Portland Trail Blazers v San Antonio Spurs - Game One Photo by Chris Covatta/Getty Images

As we chronicled yesterday, the makers of popular NBA2K video game series are receiving tons of flak for the new “All-Time Teams” feature in NBA2K18. The designers have selected 15 greats to represent each NBA franchise, but their choices leave much to be desired. The Trail Blazers squad omitted players like Brandon Roy, Rasheed Wallace, Maurice Lucas, and Cliff Robinson in favor of Wesley Matthews, J.R. Rider, and Nicolas Batum.

Today Batum himself weighed in on Twitter, saying, “Thanks but no thanks” to the NBA2K honor:

As Batum offered his rejection, the For The Win page of USA Today Sports offers direct explanation from game-makers about the omissions across the league:

“Some players don’t want to do it because they have no interest in the gaming space for variety of philosophical reasons,” added Ronnie Singh, the digital marketing director for 2K Sports also known as @Ronnie2K. “We would honestly want everybody that we could have in the game to the best of our abilities.”

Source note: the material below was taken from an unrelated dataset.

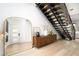 Stylish entryway with modern staircase, decorative mirror, and a chic console table creating a welcoming ambiance at 11990 Montague St, Las Vegas, NV 89138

But the article also quotes Charles Barkley in a 2016 SI.com article saying it’s a matter of dollars and cents, and not just his own:

“The reason I am not on 2K is because they would not give me money. They make a lot of money on that game. What I said to them was we as players have not done enough for the retired players association. We told the 2K people that our job is to take care of the older players. I don’t even want any money. I said, “Let’s come up with an amount of money for you to give to the retired players union.” They said, “Well we get all the guys the same.” And I said, “Well, we ain’t all the same.” I told them they make a gazillon dollars on that game. They said, ‘Well we are not going to do that [give money].’ So I’m not giving them the right to use my license until they come up with a fair number. I’m not trying to be a pig or greedy. They should donate the money to the retired players. If they would give a million dollars a year to retired players union, they can use my likeness.”

None of this eases the pain of Trail Blazers fans who will field an All-Time team without two of its greatest players—with a franchise pariah in place of one, no less—or of Seattle Supersonics fans who will watch Gary Payton and their superstars suit up in Oklahoma City Thunder uniforms.